目の前にまるでタイムスリップしたかのような迫力ある光景が広がる、伝統の神事「相馬野馬追(そうまのまおい)」。
毎年7月に、福島県南相馬市を中心に行われる平安時代から続く歴史ある行事です。
甲冑を身にまとった騎馬武者がズラリと並ぶ、その数はなんと500騎! その光景はまさに、戦国時代に迷い込んだかのよう!
1000年以上の歴史をもち、幾多の困難を乗り越えながら今に受け継がれる南相馬の誇り「相馬野馬追」のルーツとみどころをご紹介します!
神聖な行事「相馬野馬追(そうまのまおい)」
相馬野馬追のルーツは1000年以上前。平安時代に大きな勢力をもった平将門に由来すると言われています。

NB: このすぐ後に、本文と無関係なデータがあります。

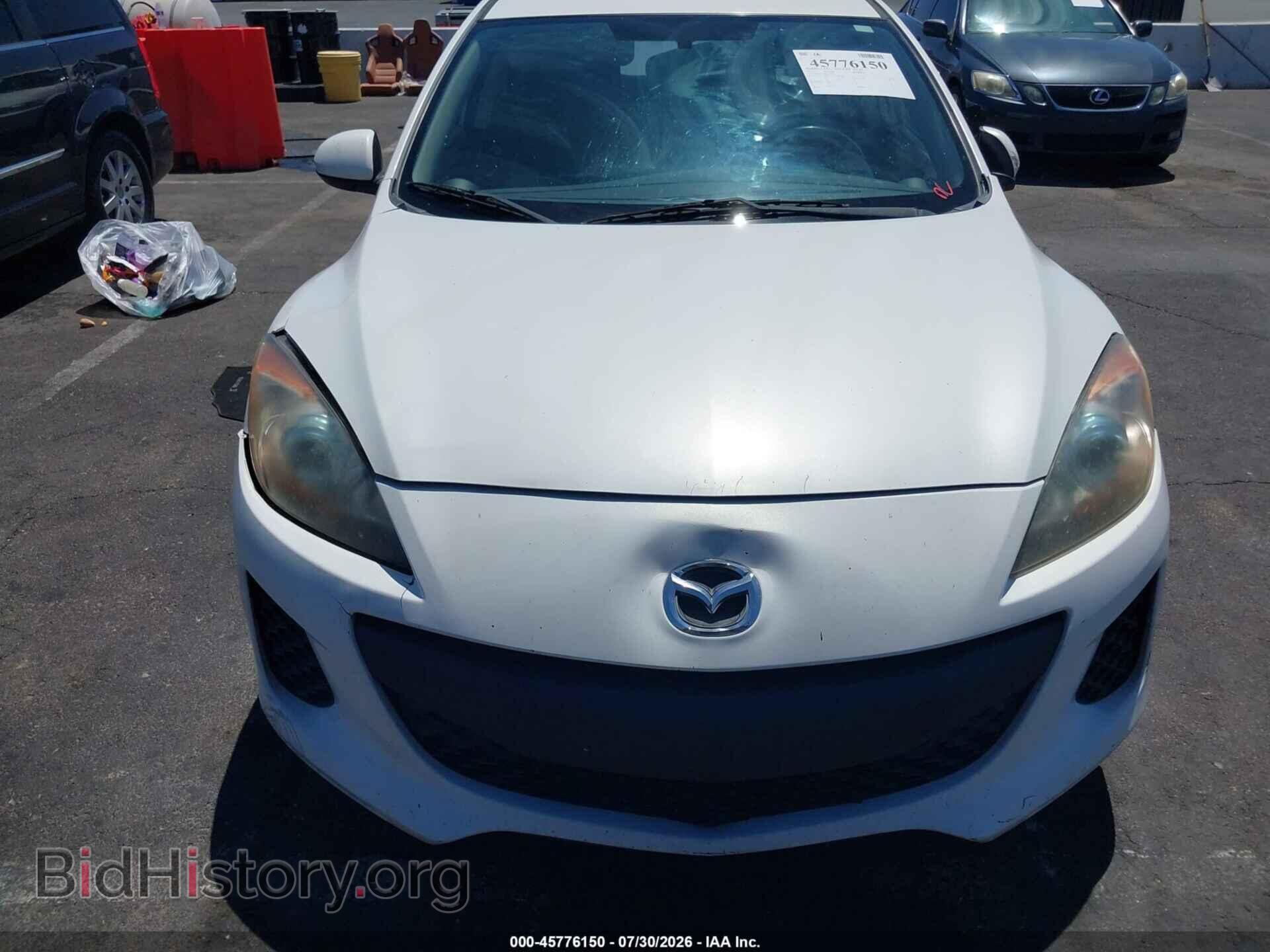 2012 MAZDA MAZDA3 - VIN: JM1BL1L84C1699719 - Фото 6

平安時代中期の関東の豪族・平将門は軍事訓練として馬を敵兵に見立て、その馬を生け捕りにしていました。
そこで生け捕りにされた馬は「神馬」として神前へ奉納されたのです。
鎌倉幕府以降は軍事訓練が禁止されていましたが、「相馬野馬追」だけは生き残ってきました。
それは、神馬を奉納するという行為が「神事」として認められたからとされています。
大迫力の2大行事「甲冑競馬」と「神旗争奪戦」
安全祈願祭(7月24日)を含み、全4日にわたって行われる「相馬野馬追」ですが、メインは26日(日)の「本祭り」。
ここで行われる2大行事が相馬野馬追のハイライトと言えるでしょう。
その一つが「甲冑競馬(かっちゅうけいば)」。
陣螺陣太鼓が鳴り響く中、兜(かぶと)を脱ぎ、白鉢巻きをしめた若武者たちが馬にまたがり、先祖伝来の旗指し物をなびかせながら、一周1000mの距離を10頭立てで走り抜けます。
人馬一体となり、風を切って疾走する勇壮なこの競馬には、かつてJRAで活躍した競走馬も走っているとのこと。そのスピードは圧巻です。
そして、もう一つのメインが「神旗争奪戦(しんきそうだつせん)」。
陣螺(じんがい)が鳴り終え、空中に炸裂した花火の中から二本の御神旗がゆっくりと舞い下りると同時に、数百もの騎馬が、一斉にその御神旗をめがけて駆け抜けます。
抜刀こそありませんが、鞭を振りかざしての奪い合いの中、落馬してしまう者も続出。「本祭り」の中でも最も荒々しく、見どころ満点の行事です。
この御神旗を手に入れることができた騎馬武者は、高々と誇らしげに旗をかかげながら七曲りの坂を一気に駆け上がり本陣へと報告に向かいます。その道は、まさにビクトリーロード。
多くの人のどよめきと喝采の拍手が相馬のまちを包み込む祭り最大のクライマックスでは、鳥肌が立つほどの感動を体感できるはず!
幾多の困難の中で継承されてきた伝統ある神事
相馬野馬追も東北夏祭り同様、東日本大震災の後は開催が危ぶまれました。
特に、東京電力福島第一原発事故の影響が深刻だったこの地域。
馬を手配できず、やむなく参加を断念する人も少なくなかったといいます。
それでも、相馬野馬追はいまだかつて、どんな困難の中でも中止になることはなかったとのこと。
途切れさせてはいけないという相馬の誇りがこの行事であり、途切れさせてはならない神事であるという強い意志が伝わってきます。
昨年も約16万人の来場者を集めた相馬野馬追。今年も熱気に満ちたビッグイベントとなることでしょう。
注目はやはり、26日(日)に南相馬市原町区・雲雀ヶ原祭場で開催される「甲冑競馬」と「神旗争奪戦」!
夏休み期間中でもあるので、お子さんと一緒に南相馬市にぜひ足を運んでみませんか。